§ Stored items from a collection
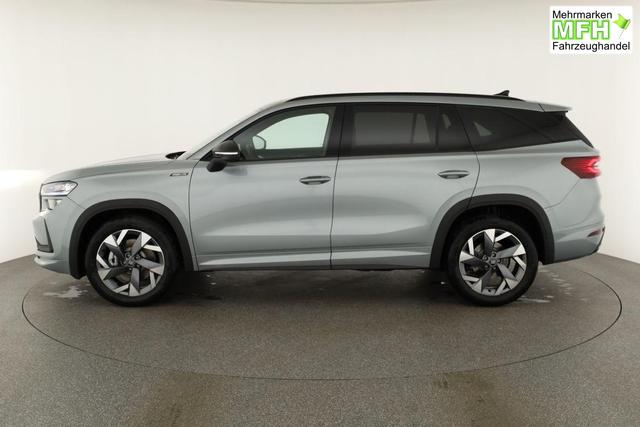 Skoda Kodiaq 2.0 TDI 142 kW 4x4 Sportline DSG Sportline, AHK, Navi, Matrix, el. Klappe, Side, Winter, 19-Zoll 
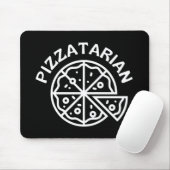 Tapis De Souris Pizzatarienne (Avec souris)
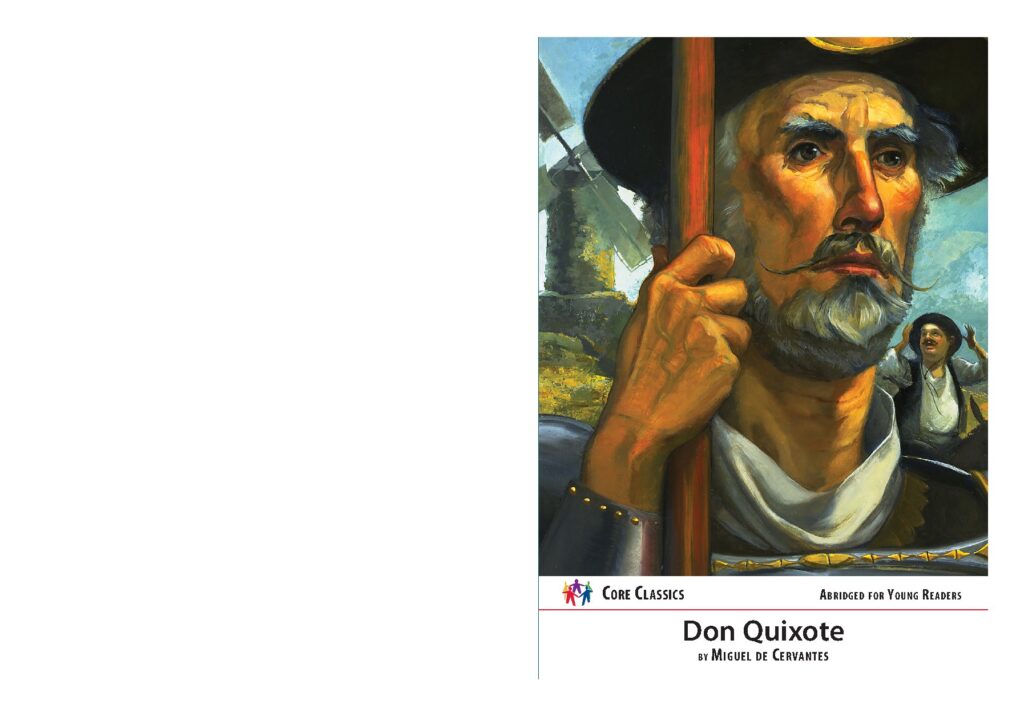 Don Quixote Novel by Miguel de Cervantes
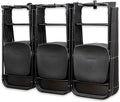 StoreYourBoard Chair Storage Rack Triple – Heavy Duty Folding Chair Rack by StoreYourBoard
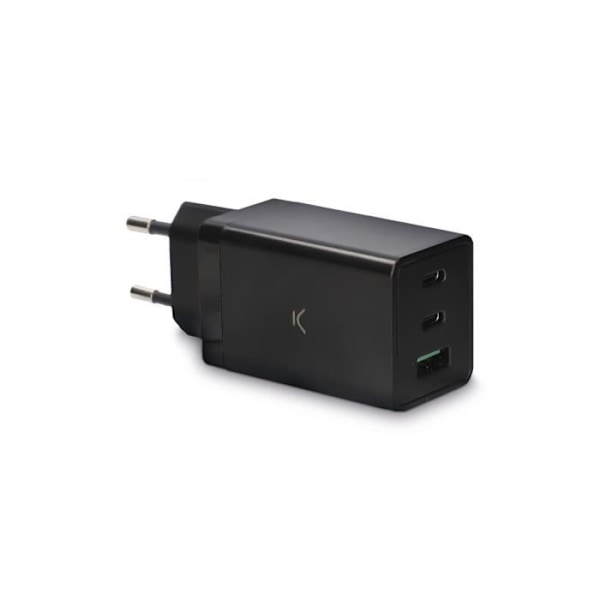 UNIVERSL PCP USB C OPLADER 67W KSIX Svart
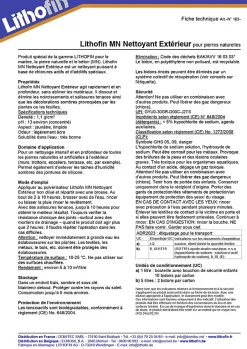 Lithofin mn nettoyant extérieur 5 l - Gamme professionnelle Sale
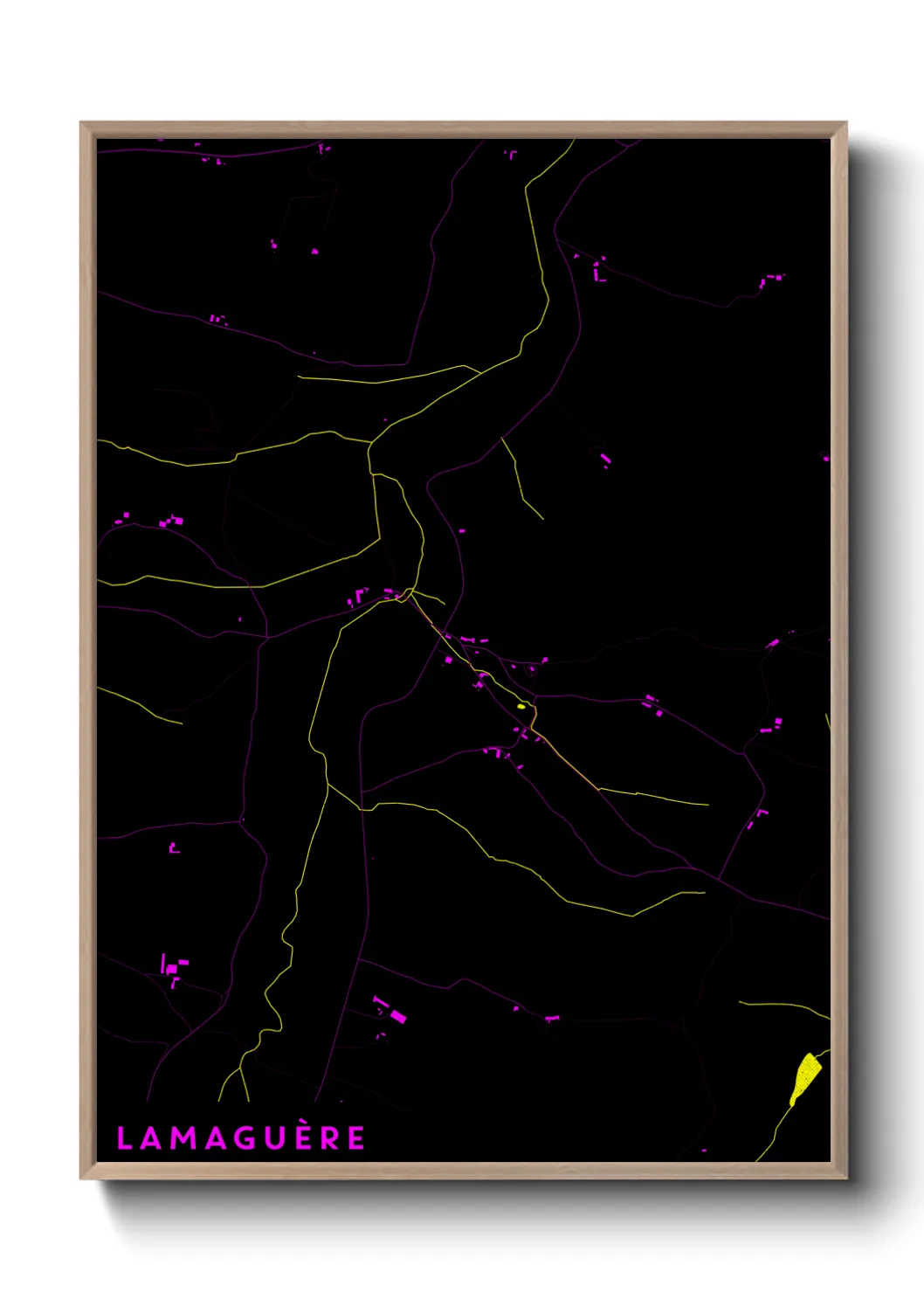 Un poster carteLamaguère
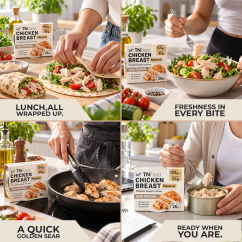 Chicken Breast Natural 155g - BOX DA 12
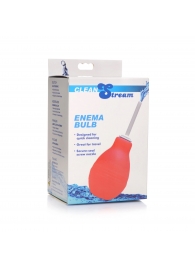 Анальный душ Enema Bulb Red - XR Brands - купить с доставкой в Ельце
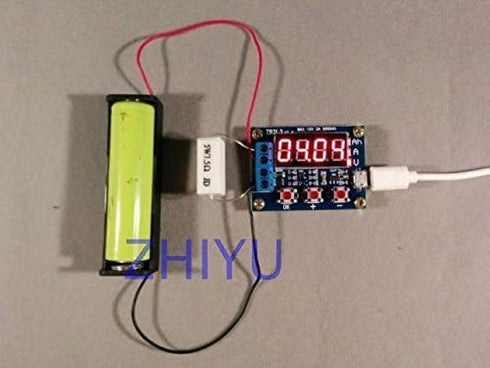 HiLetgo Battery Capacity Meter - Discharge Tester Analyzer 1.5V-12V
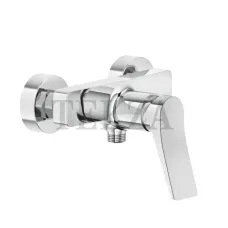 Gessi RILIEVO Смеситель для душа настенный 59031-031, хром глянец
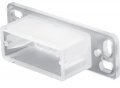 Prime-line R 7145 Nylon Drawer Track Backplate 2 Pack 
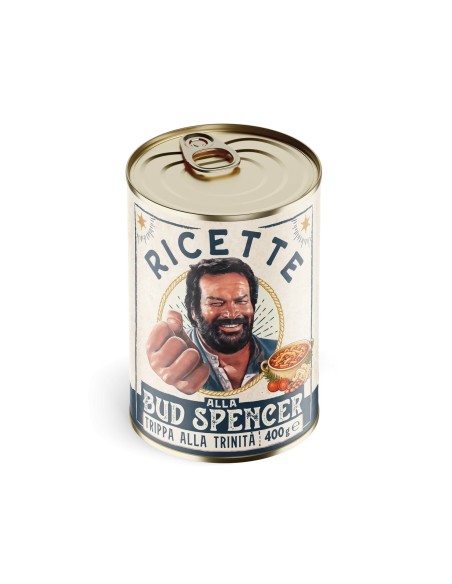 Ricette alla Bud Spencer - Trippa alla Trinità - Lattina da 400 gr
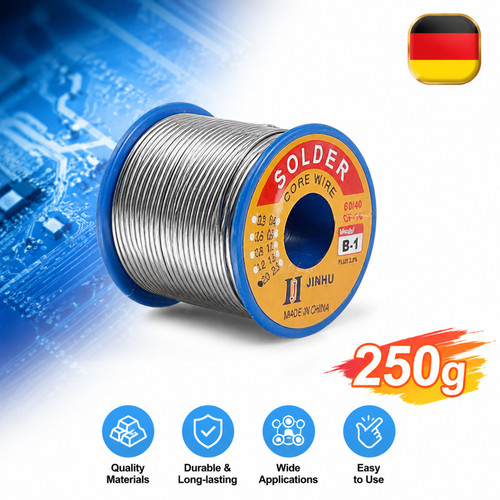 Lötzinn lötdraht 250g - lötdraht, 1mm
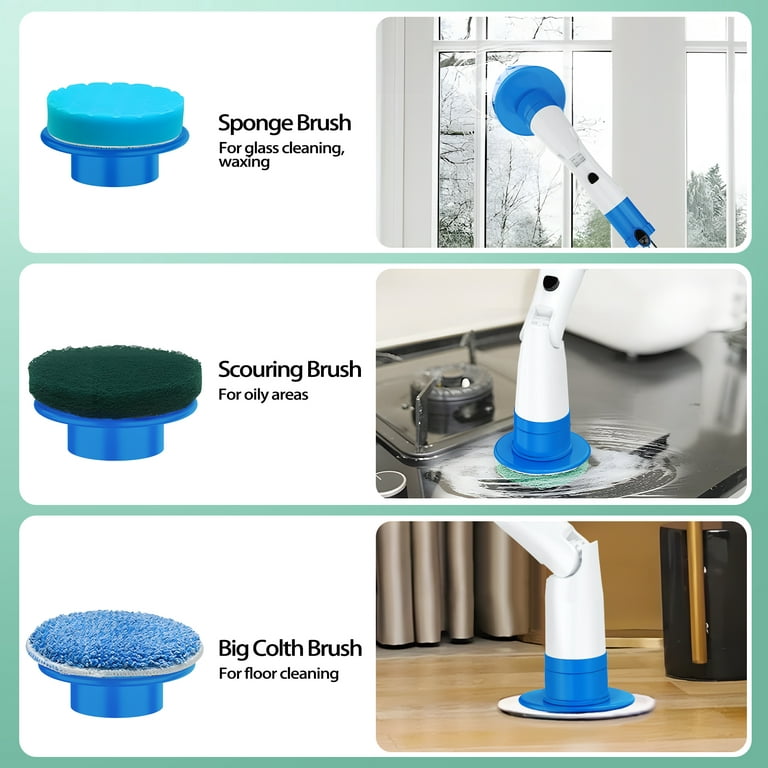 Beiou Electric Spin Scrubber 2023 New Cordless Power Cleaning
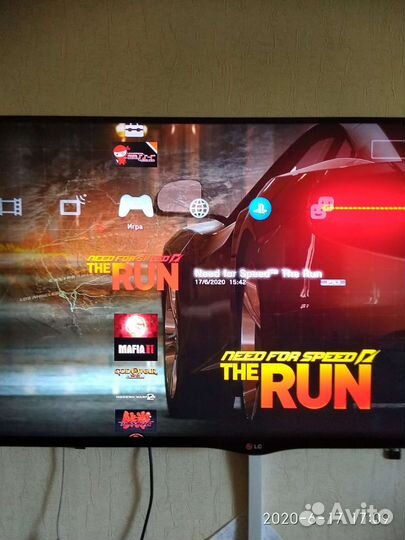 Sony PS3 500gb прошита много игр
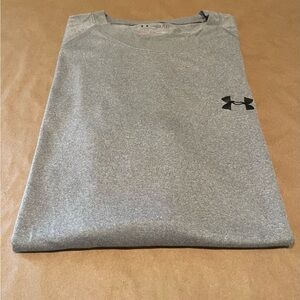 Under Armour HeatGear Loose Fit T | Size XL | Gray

§ HOW TO COMPLETE THIS TASK
The output must match, line for line, the span from the line containing "StoreYourBoard Chair Storage" through the end of the data, with the pictures removed.

§ TASK ANSWER
 StoreYourBoard Chair Storage Rack Triple – Heavy Duty Folding Chair Rack by StoreYourBoard
 UNIVERSL PCP USB C OPLADER 67W KSIX Svart
 Lithofin mn nettoyant extérieur 5 l - Gamme professionnelle Sale
 Un poster carteLamaguère
 Chicken Breast Natural 155g - BOX DA 12
 Анальный душ Enema Bulb Red - XR Brands - купить с доставкой в Ельце
 HiLetgo Battery Capacity Meter - Discharge Tester Analyzer 1.5V-12V
 Gessi RILIEVO Смеситель для душа настенный 59031-031, хром глянец
 Prime-line R 7145 Nylon Drawer Track Backplate 2 Pack 
 Ricette alla Bud Spencer - Trippa alla Trinità - Lattina da 400 gr
 Lötzinn lötdraht 250g - lötdraht, 1mm
 Beiou Electric Spin Scrubber 2023 New Cordless Power Cleaning
 Sony PS3 500gb прошита много игр
 Under Armour HeatGear Loose Fit T | Size XL | Gray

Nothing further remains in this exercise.